What the task requires =
Repeat the whole listing word for word, skipping pictures.

Material provided =
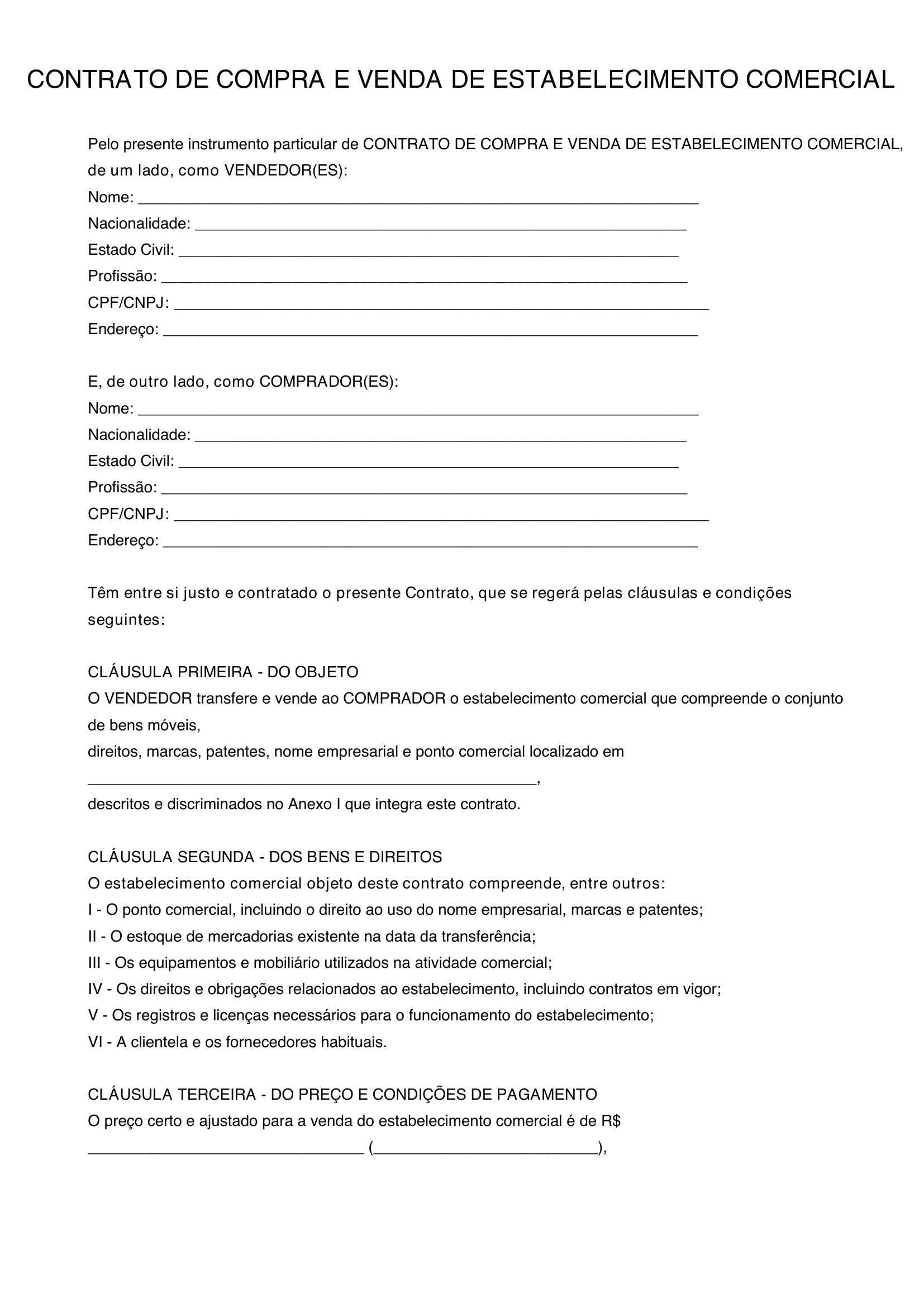 Modelo De Contrato De Compra E Venda De Estabelecimento Comercial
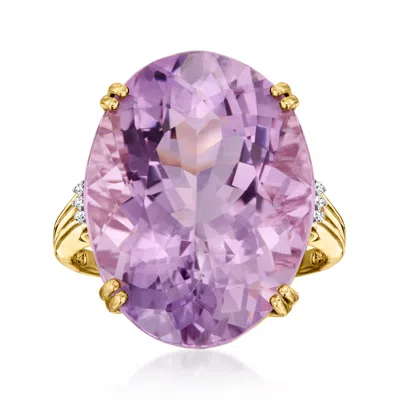 Ross-simons Amethyst Ring With Diamonds In 14kt Yellow Gold In Purple
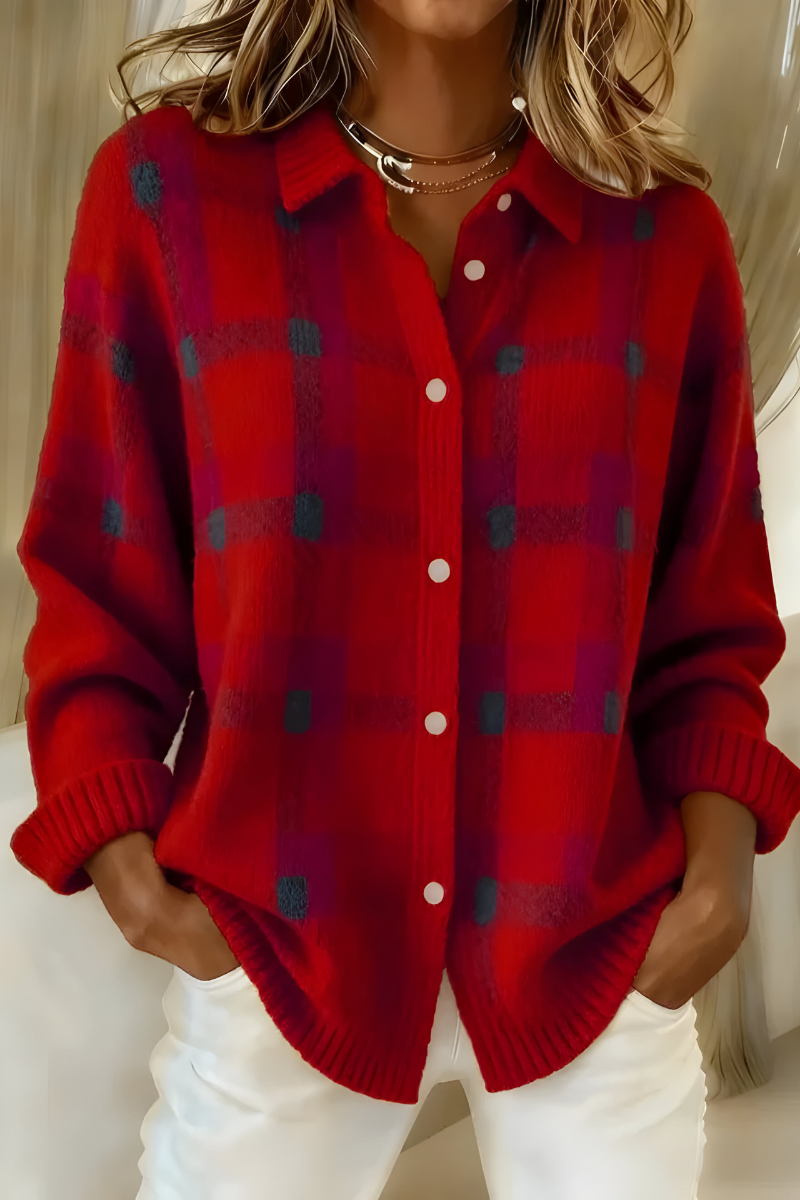 Mia | Weiche karierte Strickjacke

Written solution =
 Modelo De Contrato De Compra E Venda De Estabelecimento Comercial
 Ross-simons Amethyst Ring With Diamonds In 14kt Yellow Gold In Purple
 Mia | Weiche karierte Strickjacke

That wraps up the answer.